VDI trender

May 11 2011   6:15PM GMT

Thinking About The Real Business Benefits of VDI



Posted by: Alan Perlman
Gartner, VDI, Virtual Desktop Infrastructure, Windows 7, Windows 8

What are the real business benefits of VDI? If you ask most IT professionals they’ll probably tell you lower costs. In that CDW survey I mentioned in an earlier post, 61 percent of respondents said their main driver in considering or implementing client virtualization is to reduce overall costs. But, if cost reductions are to take place in a VDI environment – and that is certainly no guarantee – the reality is that any savings in costs will be much more of a long-term, potential benefit of VDI and will have to take into account a lot of hard-to-quantify costs such as improved business agility, more productive IT workers, more productive office workers, higher availability, reduced downtime, etc., etc., etc.
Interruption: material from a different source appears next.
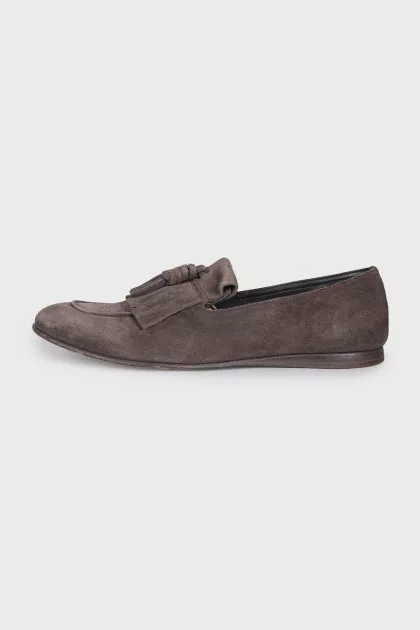 Men's suede tassel loafers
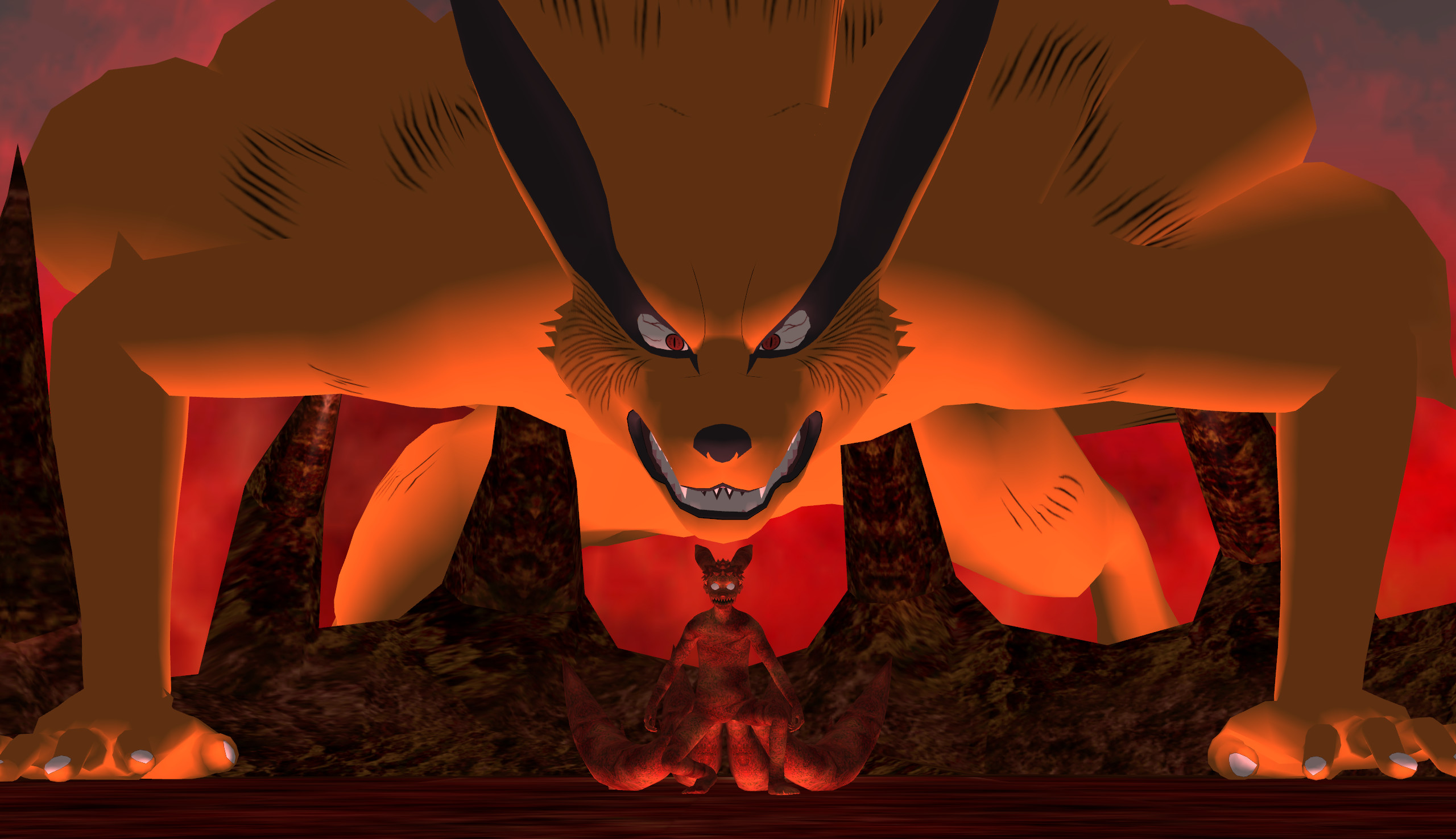 2560x1476 Kyuubi Kurama and Naruto four tails form WallPaper by agrael34 on .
One could make the case that if you are looking at VDI just to cut costs, perhaps you should look elsewhere. With VDI you will perhaps save money on client hardware – definitely if you go to a thin client model – but you will also likely have to make a significant investment in upgrading your storage, servers and network infrastructures. When you centralize applications, operating systems and user data in the data center and stream them to users – highly demanding users – all around the world, you better make sure the capacity and bandwidth are up to the task. For most organizations this will mean a major up-front investment. The vendors will tell you it’s a wise investment because today’s technology solutions can offer very fast ROI and deliver much greater performance. And they are right: Shifting to a new client model is a perfect time to invest in infrastructure and the ROI they can show you with virtualization is pretty staggering. But it is an investment nonetheless and one that must be accounted for in IT budgets.
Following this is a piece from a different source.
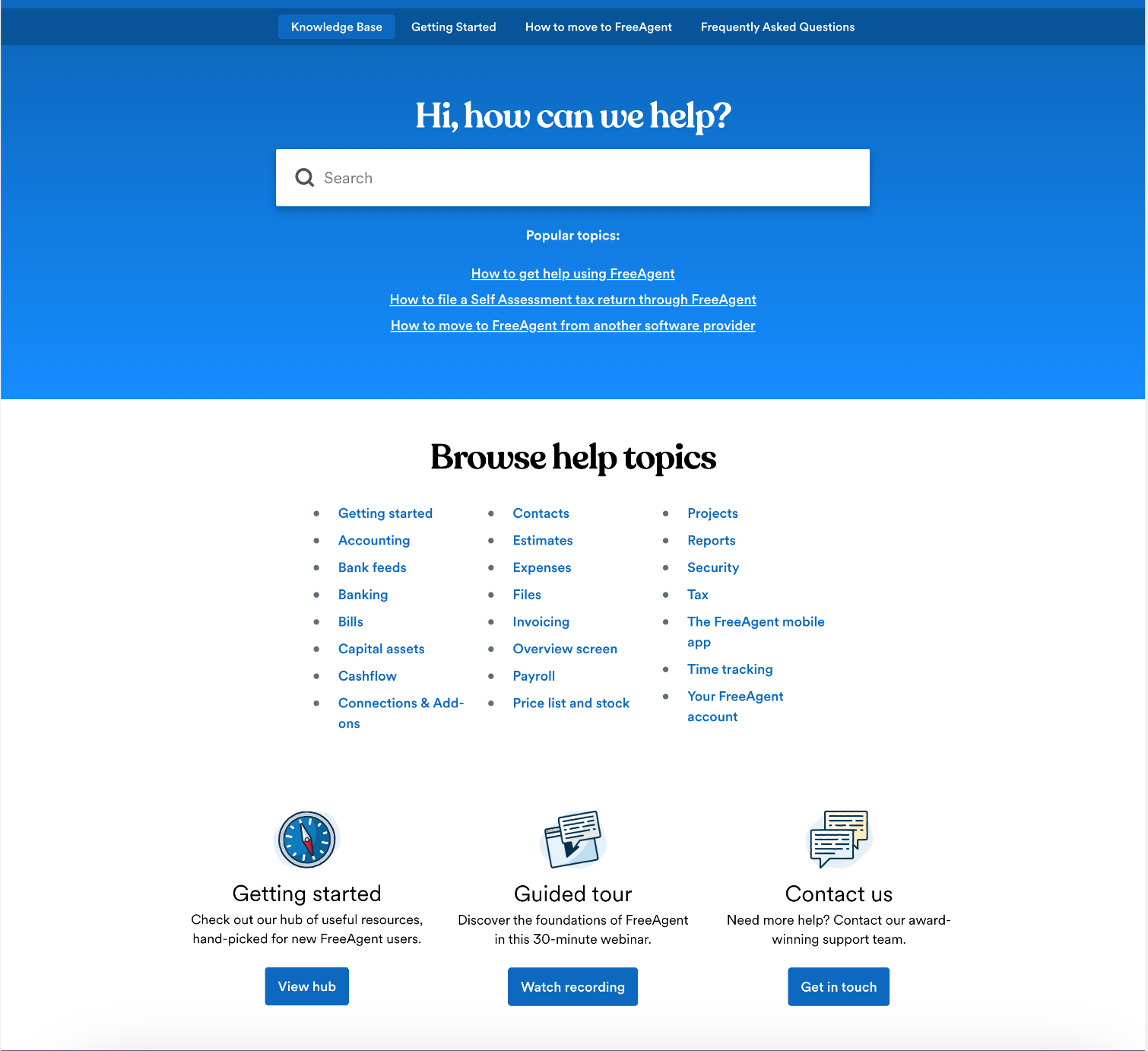 Knowledge Base homepage with search bar and help topics for browsing..png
One could also make the case that the real value of VDI is in IT retaking control of the client environment. The other major/related benefits are much better management of the client environment and the opportunity to put in place an infrastructure that can ease major transitions and, in a way, shift the way organizations think about their client computing infrastructures. What’s taking place now with Windows 7 migration is a good example. In order to get users up and running on the new operating system, organizations will likely have to replace most of their machines, now or eventually, because each new operating system is designed to obsolete the previous generation – with heftier hardware requirements, more memory, new generations of applications, and all the other stuff IT professionals are all too familiar with. Again, this is generally a good thing: We all benefit from these advances and tomorrow’s data centers will be much more efficient and responsive to business needs than today’s. The foundation for cloud-based services, agile businesses and all of the other buzzwords to describe next-generation IT is being put in place with the latest technology solutions.
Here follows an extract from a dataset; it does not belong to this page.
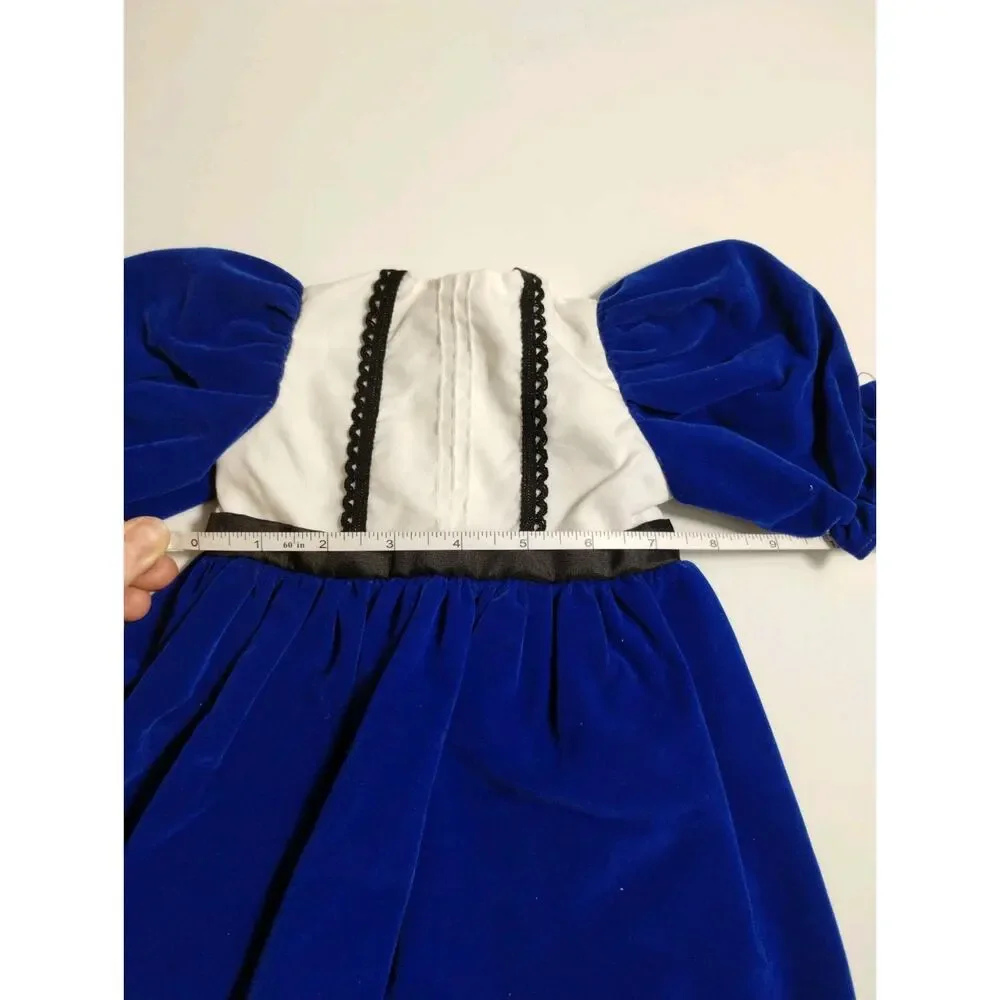 Vintage Dark Blue Velvet Doll Dress 13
But getting there from here is a challenge, right? Not only will current devices need to be replaced, in many instances IT pros will have to do the replacing, physically taking out each machine and putting another one in place, making sure it is properly provisioned, making sure each application is working as it should. Gartner says the migration process should take as long as 18 months. And of course, the process doesn’t end there. Each time a new version of an application is rolled out, IT has to go through the client infrastructure and make sure it works and make sure users are on the current version, with the latest patches. Then, of course, Windows 8 will be right around the corner and IT will get to do it all over again. Say this about the process: It’s good for IT job security.